A newly released report out of the San Francisco Controller's office found nearly half of the city's commercial sidewalks had feces on them in 2021 and into 2022.
"This is once a very great, thriving metropolis. It's now just a wasteland. Come here and look around at the businesses. Look at the shops that are close to the small neighborhood businesses that are boarded up. Thirty percent of the office retail space downtown is now empty," Tony Hall, a former city councilman and business owner, was quoted by Fox News Digital as saying.
WASHINGTON'S INCOMPETENCE
"I can't believe anyone would even try a drug that could cause this. Lord have mercy!" sighed Vickie Fields, an American Facebook user from Ravenswood of West Virginia, who reposted with comments photos of a man losing his fingers.

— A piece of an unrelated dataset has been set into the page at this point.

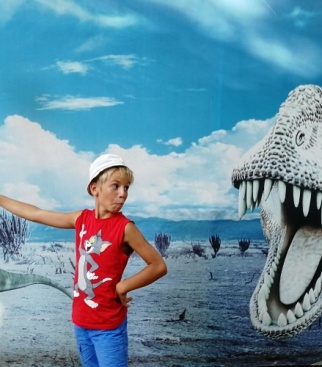 Павлов Миша в гостях у динозавров в Евпатории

According to the U.S. Centers for Disease Control and Prevention (CDC), 107,375 people in the United States died of drug overdoses and drug poisonings in the 12-month period ending in January 2022, with a staggering 67 percent of them involved synthetic opioids like fentanyl.
"This is the price of liberalism. Society needs rules and regulations and they need to be enforced," said a British netuser by the name of BugKhan from Bradford.
Mexican President Andres Manuel Lopez Obrador in April questioned the U.S. strategy against the fentanyl crisis, saying it was relying on "palliatives" instead of tackling the root of the problem.
The best strategy is to address why so many are using and abusing opioids in the United States, said Lopez Obrador.
The U.S. measure reflects "simplistic thinking" in the face of a complex problem, said Mexico's Undersecretary of Prevention and Health Promotion Hugo Lopez-Gatell.
It reveals a lack of interest in tackling social problems, such as entrenched inequality and absence of opportunities, especially for the young, said Lopez-Gatell.
"The root cause of the U.S. fentanyl crisis lies at home," said Chinese Foreign Ministry Spokesperson Wang Wenbin to a press conference on Thursday.
The United States needs to reflect on itself, strengthen regulation and control of prescription drugs at home, step up public awareness campaigns about the harm of narcotics, and reduce domestic demand for drugs, instead of smearing and discrediting other countries to shift the blame, Wang said.
Guided by the humanitarian spirit, China has worked with the United States to help solve its fentanyl abuse. In May 2019, China became the first country in the world to officially schedule fentanyl-related substances as a class, which played an important role in preventing the illicit manufacturing, trafficking and abuse of the substance.